Feedback loop stability is testable using Bode plots derived from measurements made using a network analyzer from which gain margin and phase margin can be ascertained and judged. This is all well and good, but a network analyzer might not be available. Such instruments can cost quite a lot of money so those of us who practice the profession closer to poverty-stricken levels may need something a bit more economically viable. That "something else" may be step excitation.

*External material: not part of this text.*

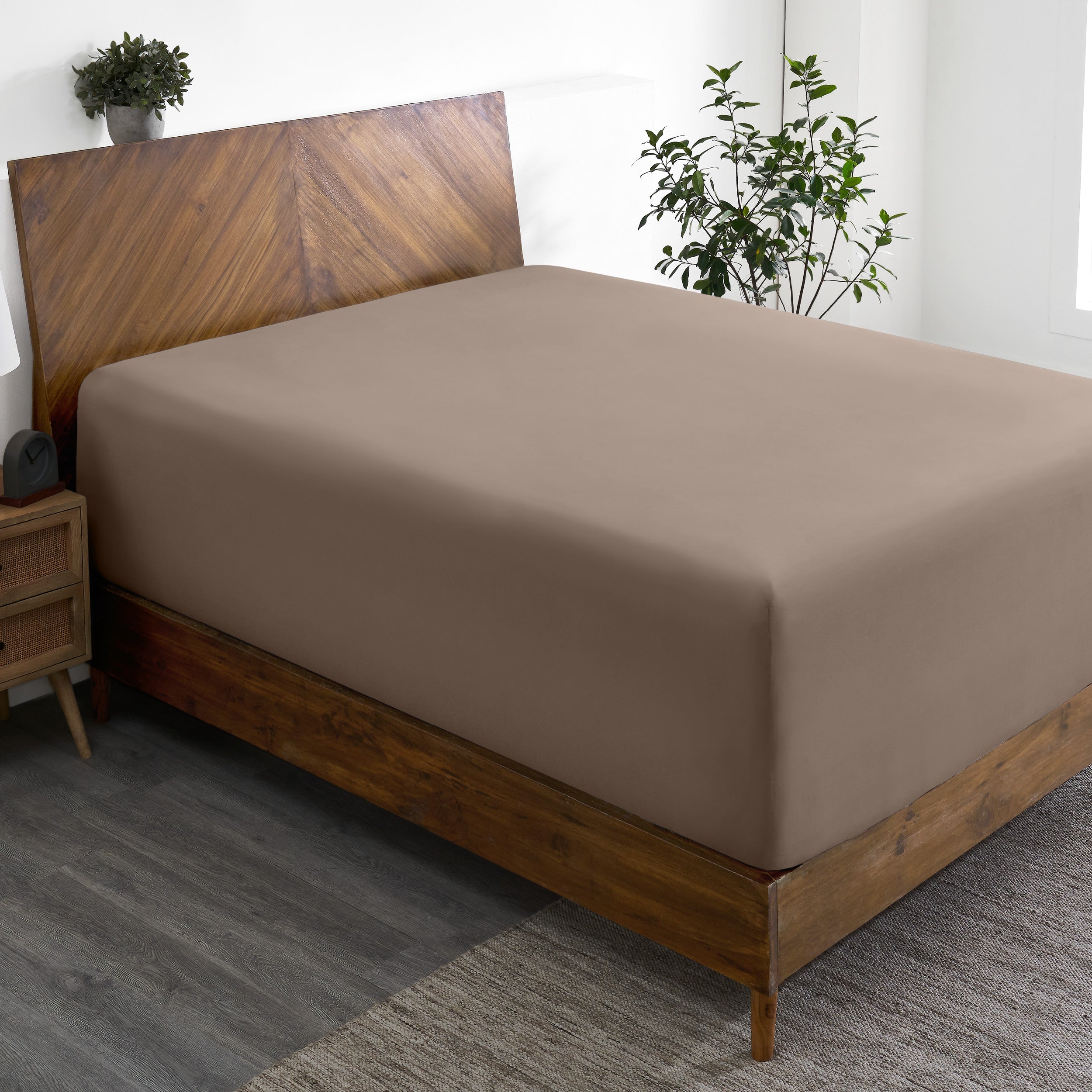 A wide corner view of a modern bed made with a microfiber fitted sheet on the mattress.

The basic idea is simple. You inject a small square wave disturbance into the feedback loop and examine the response to that disturbance. Where you choose to inject and where you choose to observe is yours to decide. There may be more than one point for each, but please examine the following four sketches.

Figure 1
An idealized voltage regulator with step excitation

In the first sketch, an idealized voltage regulator is perturbed ever so slightly by square wave excitation via R6 to the non-inverting input of the error amplifier, U1. The output of U1 shows an underdamped ringing waveform from which we conclude that this feedback loop's stability is marginal at best. Not good!

Figure 2
The same regulator and excitation but showing improved stability

In the second sketch, everything is the same as before except that C2 has been removed. It looks like somebody unknown (ahem, ahem) had unwisely included C2, perhaps as an EMI suppressant of some kind but its inclusion had an adverse effect on loop stability. Gain margin and phase margin were very poor.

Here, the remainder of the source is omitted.